Except for a few establishments where a combination of English reserve and continental panache denotes a high standard of comfort and service, the hotels of Cornwall are apt to be disappointing to Americans. The average Briton on holiday still expects to “rough it.”to put up with small discomforts as payment for the privilege of being away from home. Americans, on the other hand, generally expect the places they go to to be a lot better than home, definitely more luxurious, if not more comfortable, and wholly without the effort that running servantless houses entails. Consequently, the big rickety, drafty, cramped hotel by the sea that seems just fine to the Englishman is apt to leave the American not only cold but frankly appalled.

The clearest and saddest indication of what lies in store for the villages being suffocated by sudden prosperity can be read in the blight that has already overtaken Land’s End. This craggy finger of rock is by no means scenically remarkable among other similar promontories along the coast, but it is the incontrovertible last foot of solid terrain in England and the sentimental point from which the Western world begins. Like its French counterpart, Finistère, it has generated legends out of sea-wrapped mystery simply by being where it is and what it is. Here the consequences of curiosity and sentiment en masse are overwhelming: Land’s End is mainly a parking lot, a tea shack, and a seaside meadow of litter. The fallout of the age of waste lies everywhere. As buses, motorcycles, and caravans shuttle their hurried passengers in and out, pilgrimage ends not in a gift of alms and a sense of wonder, but in the dropping of a candy wrapper and the taking of a Kodachrome.

Cromlechs and rocking stones, kistvaens, dolmens, and Celtic crosses loom everywhere on the Cornish landscape, and even when they stand but a few yards away from highway traffic, maintain an impermeable remoteness. Another man-made tiling on the ancient coast, as thought-provoking as these vestiges but far more comprehensible, is the Minack Theatre at Porthcurno. This is a tiny amphitheater, set on a wall-side of rocks, where audiences face a stage whose decor includes uncapped pillars, Stone Age props, and the natural backdrop of the Atlantic Ocean. Ceaseless winds and the mumble and splash of waves below make it surely the most completely outdoor theater in the world. Yet its stage space has been arranged with such delicate attention to acoustics and visual focus that performances are clearly heard and intimately observed. A false step would send an inattentive Ophelia plummeting into the surf a hundred feet below, but such jeopardy seems in no way to subdue the passion of the players. Here on summer nights, cloaked against the rain and bundled against the wind, audiences watch university theater groups from all over the country put on stark versions of such offerings as Hamlet, St. Joan, Comas, and Electro.

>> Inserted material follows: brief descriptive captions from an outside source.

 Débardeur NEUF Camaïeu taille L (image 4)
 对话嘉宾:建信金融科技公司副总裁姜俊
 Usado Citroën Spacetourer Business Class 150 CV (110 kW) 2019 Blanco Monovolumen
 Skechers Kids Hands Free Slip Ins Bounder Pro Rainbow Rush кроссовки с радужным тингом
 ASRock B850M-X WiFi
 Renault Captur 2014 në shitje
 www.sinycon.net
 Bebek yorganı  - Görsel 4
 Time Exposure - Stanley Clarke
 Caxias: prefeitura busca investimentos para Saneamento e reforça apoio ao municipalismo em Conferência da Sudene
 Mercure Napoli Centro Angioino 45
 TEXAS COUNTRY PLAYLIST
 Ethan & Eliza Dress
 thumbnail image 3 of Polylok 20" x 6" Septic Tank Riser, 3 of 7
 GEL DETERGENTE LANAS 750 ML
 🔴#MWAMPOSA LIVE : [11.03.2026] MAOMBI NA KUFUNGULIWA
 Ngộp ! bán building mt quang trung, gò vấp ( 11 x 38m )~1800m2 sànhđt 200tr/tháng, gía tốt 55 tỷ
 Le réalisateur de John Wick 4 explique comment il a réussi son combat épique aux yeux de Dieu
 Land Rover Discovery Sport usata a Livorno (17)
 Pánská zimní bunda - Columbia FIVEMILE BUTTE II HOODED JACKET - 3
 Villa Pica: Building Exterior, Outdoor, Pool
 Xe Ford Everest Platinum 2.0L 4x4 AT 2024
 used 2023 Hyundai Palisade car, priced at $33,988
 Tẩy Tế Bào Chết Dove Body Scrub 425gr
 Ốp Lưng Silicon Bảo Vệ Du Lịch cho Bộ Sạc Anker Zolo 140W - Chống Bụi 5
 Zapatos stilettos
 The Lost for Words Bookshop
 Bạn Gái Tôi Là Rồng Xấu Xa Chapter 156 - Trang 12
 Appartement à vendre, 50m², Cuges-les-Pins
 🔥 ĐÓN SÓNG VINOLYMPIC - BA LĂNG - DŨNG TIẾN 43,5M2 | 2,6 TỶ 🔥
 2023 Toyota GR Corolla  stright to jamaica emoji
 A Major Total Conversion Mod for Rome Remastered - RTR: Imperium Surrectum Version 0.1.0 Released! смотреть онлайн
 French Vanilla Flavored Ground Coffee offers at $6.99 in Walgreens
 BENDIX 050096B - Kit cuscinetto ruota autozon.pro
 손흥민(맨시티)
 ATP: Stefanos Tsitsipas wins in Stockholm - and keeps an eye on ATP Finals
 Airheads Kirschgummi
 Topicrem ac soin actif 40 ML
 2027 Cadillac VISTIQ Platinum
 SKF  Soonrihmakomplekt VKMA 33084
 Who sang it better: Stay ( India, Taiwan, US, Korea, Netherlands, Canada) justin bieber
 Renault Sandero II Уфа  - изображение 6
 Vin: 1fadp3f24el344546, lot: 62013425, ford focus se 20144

Western Cornwall is largely a landscape of moors carpeted with heather, golden gorse, spiky grasses, and punctuated by the sooty fingers of abandoned kilns and mine works. Stone walls covered with moss lay a ragged geometry on gently sloping rises. Seen through a sea-heavy mist, these prospects suggest a primeval dream. This is the Cornwall you expect. The sight of Jamaica Inn, wickedly alone on a moor that glows with sinister light even at midday, delightfully confirms your romantic clichés. Unexpected are the sudden oases of salad-green foliage and the little streams that bubble through them in eddies or open out to millpond calms. From these sequestered spots, peat smoke rises over thatched roofs and swans float in slow merry-go-round circles.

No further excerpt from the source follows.